Scott Mendelson            


Mohamed Al Saadoon said...

I just recently watched the IMAX Prologue and I rather liked it. It was a very exciting action scene and I had no problem following the action but I do agree that Bane's mask obscures his speech so much that I could barely understand him. All I could remember him saying is when he asked why shoot people you're going to throw off a plane and "It will be very painful....for you" As for Aiden Gillen....he just looked completely out of place there. He was supposed to be a high ranking CIA agent but aside from the scientist or whoever he was picking up, he looked like the least threatening person there.

Bl said...

SPOILERS: I just can't understand your view that the action is incoherent. I thought it was very coherent and exciting.

Has it occurred to you that that maybe everyone in the scene is hard to hear because, oh I don't know, they opened an airplane emergency hatch and air is wooshing around all over the place? I saw this last night on IMAX and I understood Bane for the most part, and I'm pretty confident I'd catch all of what he said on a second viewing. Oh, and I actually liked his accent.

You're complaining that the "marketing" people are revealing information about Bane too early? Really? That's your complaint? No. Seriously.

corysims said...

If you compare it to the Dark Knight prologue, it is a bit of "been there, done that" quality to it. But, I can't agree with the notion that Hardy's voice was incoherent or the action didn't have clarity to it. Out of all of the dialogue by Hardy, I didn't catch one line. The rest was pretty much clear to this viewer once I got a beat on his accent.

It is a chaotic scene, no doubt, but the action seemed reasonably clear. I give Nolan credit for the attempt. It's an ambitious sequence.

I do think that it establishes pretty well the type of character Bane is and what we're going to expect. The sizzle reel was a nice capper.

As for the trailer (which I viewed in front of Sherlock Holmes) Scott, you're in for a real treat. All kidding aside, it's better than the trailers for Begins and Knight combined. It's dark, eerie, and somber. The National Anthem has forever been altered with how Nolan and company use it in the trailer. The social relevance you were hoping for with this film is spelled out clearly in this trailer. It's rather shocking considering the development of the script took place as early as late '08.

There's a beautiful, sad moment with Michael Caine that took me by surprise. An interesting plot point about Jim Gordon is reveal within the trailer that's a nice touch. Hardy menaces in the shadows in the trailer. Bale seems a bit broken and contemplative through out. I had doubts about Hathaway's version of Selina. Not anymore.

There's a ridiculous money shot that's not quite finished but it's insane in it's imagery.

All of this is built on a great track by Zimmer that builds and builds.

I can sort of see how "some" might be underwhelmed by the prologue.
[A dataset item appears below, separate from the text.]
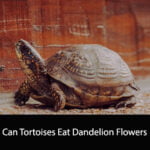 Can Tortoises Eat Dandelion Flowers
Not with the trailer.

Geha714 said...

The prologue looks rushed out; too much editing. Maybe it will be fixed for the final film. I didn't understood half of what Bane says. That's a major problem but it can be fixed on post-production. The sequence is pretty ambitious though. The idea was better than the execution. Aidan Gillen was totally miscast. He acted the same way he did on "12 rounds" with John Cena, but a little subdued.
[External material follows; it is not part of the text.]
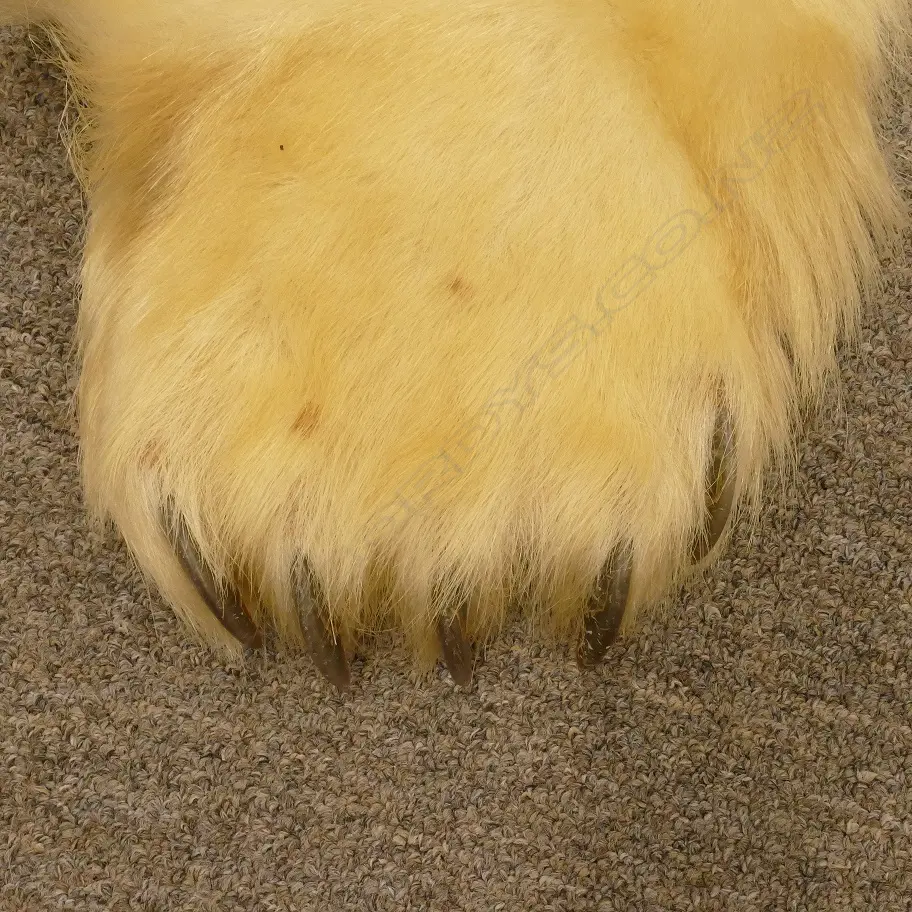 A large polar bear rug Image 1++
However, the trailer delivered the goods. Two great money shots (the first one sold me to the film already) and the whole feel than this will be epic in tone and scope. The catwoman element was an element of doubt, but it starting to fit in. The music theme is stock in my head so it's really working.
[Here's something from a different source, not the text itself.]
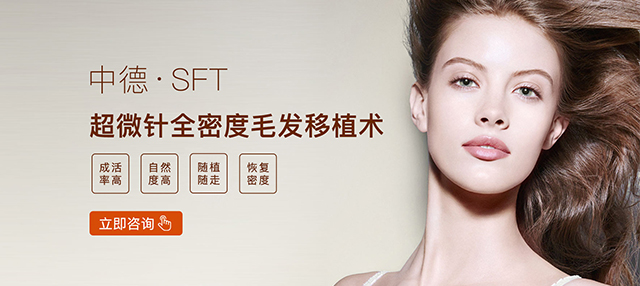 中德sft超微针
The Dark Knight Rises is in a very difficult position, given the massive success of its predecessor, but I'm really optimistic. I believe in Christopher Nolan.

Last but not least, I think this movie should have called "The Caped Crusader", given the whole narrative of the film. I know that the word "cruzade" because of historical and political reasons can create problems at the time of promoting the film (The appaling views and recent terrible comments by Frank Miller, even if he isn't involved in this film at all, doesn't help). The dark Knight Rises sounds good, but The caped crusader sounds even better.

Michael said...

Scott, as you can see in "Bl"'s comment above, you've opened up a big can of worms by disparaging this film so strongly. So driven are Nolan's fans to want to like it that they'll work overtime to justify any and all apparent flaws in the material. It was borderline when they did it with The Dark Knight, but with this film (which has appeared increasingly on the nose with each media release and was doomed from the start by an awful title)
it's just sad. Nolan could remake Batman and Robin and the fans would go to extremes to justify it.

Usemeplz said...

I'm waiting it. 2 movies (2005,2008) about Batman I consider to be the most thrilling in its genre. I hope that final part will be as good as previous ones.

Cyraen said...

I was heartily disappointed in the preview. I agree that the action was shoddy and the opening, though exciting, didn't make me feel invested as a viewer.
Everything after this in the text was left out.